In this context, attention needs to be refigured as a much more complex process than the plain selection of discrete stimuli. Whatever the exact nature of the stimuli that modify the field of consciousness, they are not helpfully represented as fixed items of information. We have to take seriously the roots of the very word “information”: consciousness is given form by what it encounters, but simultaneously gives form to this. A reciprocal activity is taking place in which “outer” and “inner” flows of energy combine to produce a settled habit of perceiving—a protocol, as I called it earlier, for dividing up the field in which consciousness finds itself—and a coherent, narratable relationship. In this reciprocal activity, granular perception of significant detail in a field is consistently framed by the temporal sense which allows objects to be seen continuously, so that any particular moment (like Merleau‐Ponty's instance of looking down on the figures in hats and coats) can be prereflectively grasped as belonging in a series that can be assumed to be a continuous succession of perceptions altered by different stances, locations, or perspectives on the part of the perceiving subject. But what is philosophically interesting here is that a concept of attention informed by these considerations is not simply a specific deployment of “computational” resources (though it is at least that for certain purposes); it is also something shaped by the need, pressure, or desire to chart a path through time and space in which the subject can safely and intelligently move. And because of this, no supposedly granular item in the perceptual field can be seen or analysed in isolation, or regarded as a wholly fixed reality. If I “create” an intelligible object, it is as part of a wider strategy; in William James's terms, it is bound up in a “train of thought”. And as the global context of such a train of thought or comprehensive strategy shifts, so do the boundaries of the object.
In one obvious sense, this is an elementary observation on the history of science. The ongoing refinement of investigative techniques changes the way we divide up the perceptual field. But the phenomenology of attention so far outlined presses this a little further. It is not only the technical close‐focus changes that shift definitions of finite substance, but the new constraints of the kind of world‐view that is emerging, with the acknowledged needs and questions that come with this. Thomas Kuhn's classic work on paradigm shifts (1962/1970) observed this; but—as some critics noted—his initial use of the term “paradigm” was loose, and the question of the nature of attention itself is not directly addressed. Changing world views change the questions that are asked; but recognizing this—if it is not to be a doorway into simple relativism or constructivism—should alert us to the question of what it is that shifts the questions asked, in a way that goes rather deeper than merely noticing previously unresolved problems. And Kuhn's thesis about the incommensurability of comprehensive scientific theories does less than justice to what the phenomenological approach assumes, which is that it is possible to suppose a shared world of information flow in which diverse maps and taxonomies are not incommensurable in the crude sense of being wholly mutually exclusive but continue as “compossible” readings of what that world allows.
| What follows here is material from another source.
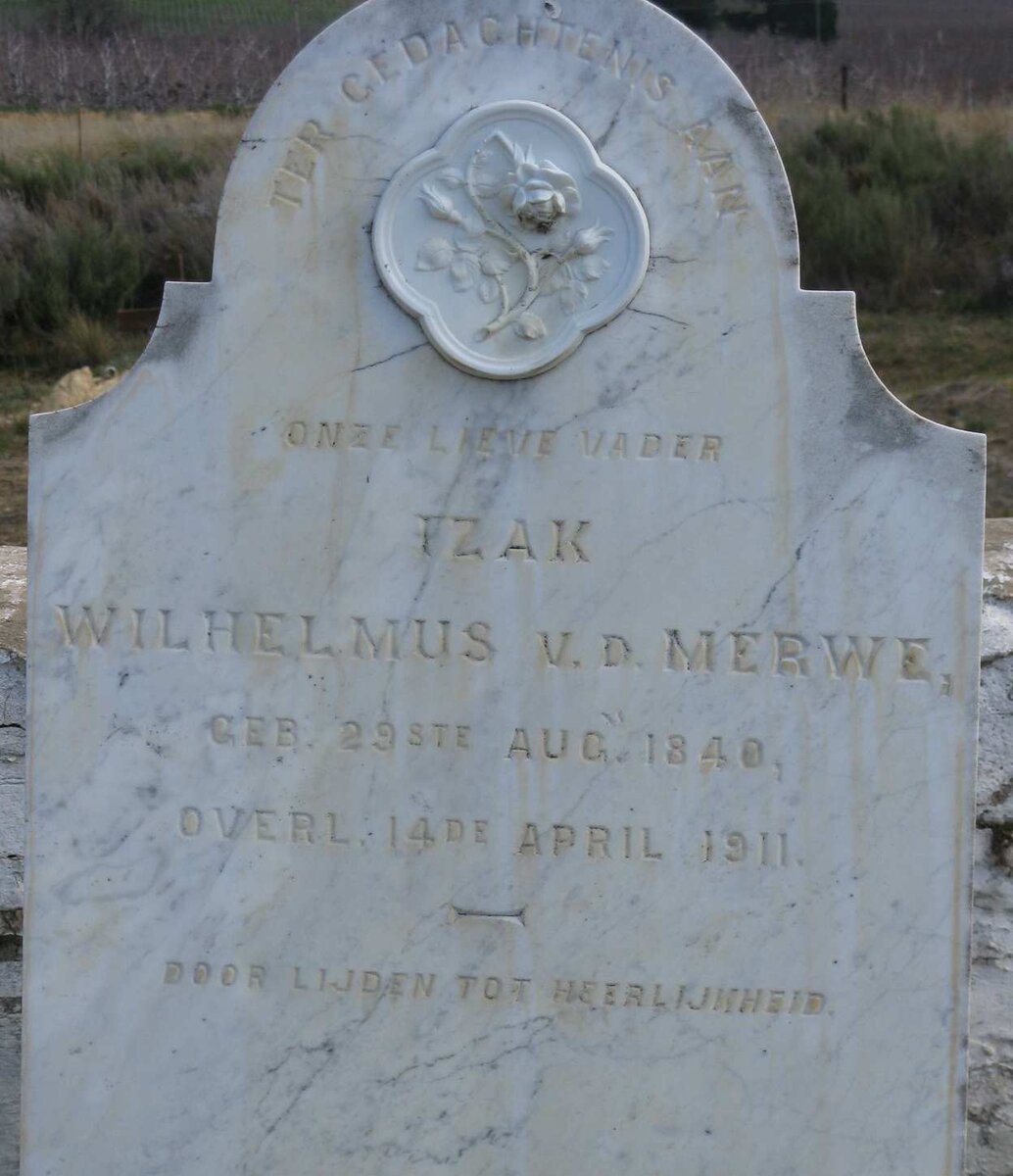 MERWE Izak Wilhelmus, v.d. 1840-1911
What consciousness learns about itself in the processes of scientific study is that exposure to its own history that is needed in order to liberate us from the illusion that the normative model for attentive knowing is the simple turning of a specific beam of illumination on a set of fixed data. We are, it seems, primed for the construction of diverse narratives of the consistency of what we encounter, narratives whose diversity is conditioned by the diversity of relations in which, at different times and places, we stand to that encountered flow of information. Attention will crystallize different clusters of informational content into a strategy or protocol, depending not so much on the problems we want to solve as the connections we wish—in this specific kind of relationship—to clarify or articulate.
What is more, thinking of attention as part of a reciprocal process sharpens our awareness that our own perception shifts the parameters of what is possible for the object. If the subject is finding their way through a complex environment, adjusting and negotiating, then in some sense the object is also adjusting to an environment in which the subject's interaction with it shifts the boundaries of its reality by modifying the object's field of possibility (the field of what relations are available for it). This is the point at which some exponents of classical scientific method show signs of alarm at what may be represented as panpsychic mythologizing; but it seems to be an unavoidable implication of both the general model presented here of attention as the formation of a strategy of relating, and of the ontology associated with discourse around quantum mechanics. Carlo Rovelli's introduction to this perspective (Reality is Not What it Seems, 2014/2016) summarizes the point lucidly:
What if the electron could be something that manifests itself only when it interacts, when it collides with something else; and that between one interaction and another it had no precise position? (100)
And,
When an object (atom, electromagnetic field, molecule, pendulum, stone, star, and so on) interacts with something else, the values computed are those which its variables can assume in the interaction. (104, my italics)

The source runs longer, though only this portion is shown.